O juiz defende ainda que “não é necessariamente ilegítimo todo e qualquer benefício ou vantagem que decorra do abuso de funções” e só poderia haver crime “se os bens adquiridos pela SCML não correspondessem a uma necessidade e tivessem sido adquiridos com o único intuito de proporcionar a sua venda àquelas empresas”. E isso, acredita, não ficou comprovado. “Alegar duvidosa valia ou utilidade é o mesmo que nada. Tais negócios ou tinham ou não tinham utilidade”, critica Nuno Dias da Costa.

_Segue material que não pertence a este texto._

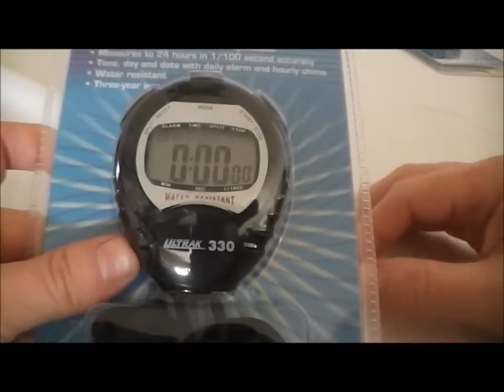That's the Ultrack 330 stopwatch. Now that you've seen how it works, let's quickly go through the features. The Ultrack 330 is a nice easy-to-use stopwatch. It has time of day and a stopwatch mode. In the stopwatch mode it can time to 1/100th of a second up to 24 hours and can run cumulative splits.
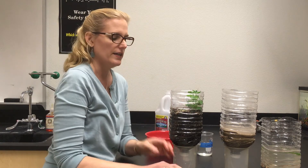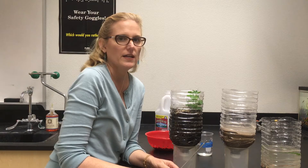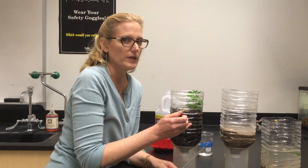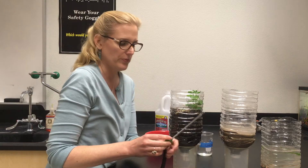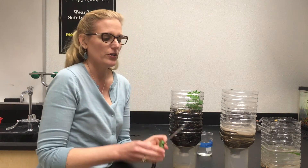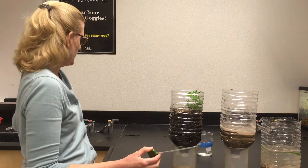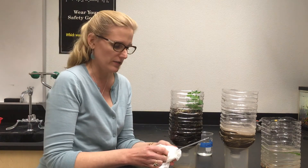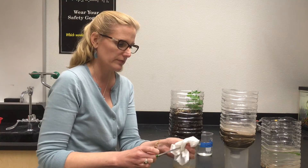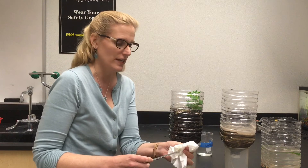The reason for this is that this probe measures ions, and the ions in the soil need to come out into the water in order to be picked up by the probe. After our soil is thoroughly wet, we're going to take the probe and, with a dry paper towel, rub the probe. That's to loosen any oxidization that has occurred.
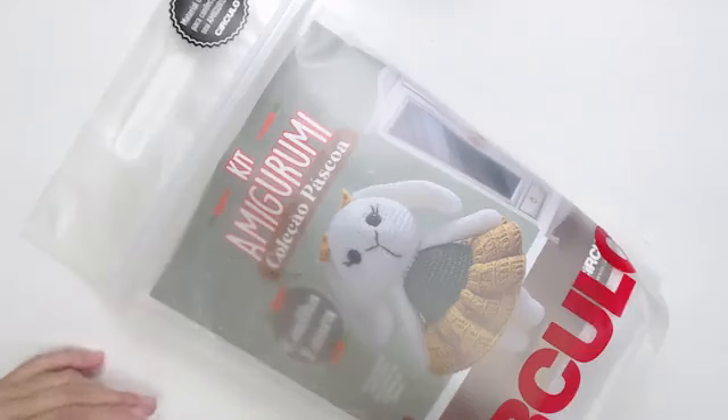Eu quero mostrar para vocês porque é muito, muito, muito sensacional esse kit. Vamos para a aula, gente? Oi, Maria Eliana, Silvânia. Então, vamos lá.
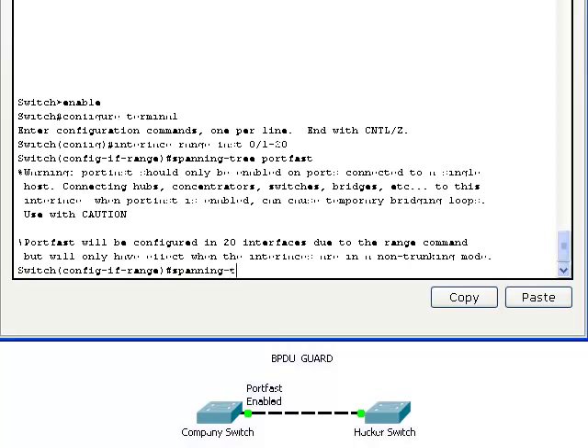Next, we have to enable BPDU Guard on the interface.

No caso de Paulo Calado, indiciado pela adjudicação de um contrato de licenças informáticas à Novabase, o despacho frisa que “na fase de inquérito não foram recolhidos indícios suficientes, de acordo com o critério acima exposto, de que o valor pago pela SCML à Novabase não era devido”. E ataca: “Ou seja, o Ministério Público remete na acusação para dúvidas que não foram esclarecidas na fase de inquérito”.

“A acusação deduzida pelo Ministério Público, caso não houvesse lugar a instrução, teria de ser rejeitada pelo tribunal de julgamento, por ser manifestamente infundada, na medida em que os factos na mesma descritos não constituem crime”, conclui o juiz que também foi notícia por assinar o mandado de detenção internacional de João Rendeiro e por ter condenado o diretor de comunicação do FC Porto, Francisco J. Marques, a uma pena de prisão suspensa de um ano e dez meses, no caso da divulgação de emails do Benfica.

O Ministério Público já anunciou que vai recorrer da decisão.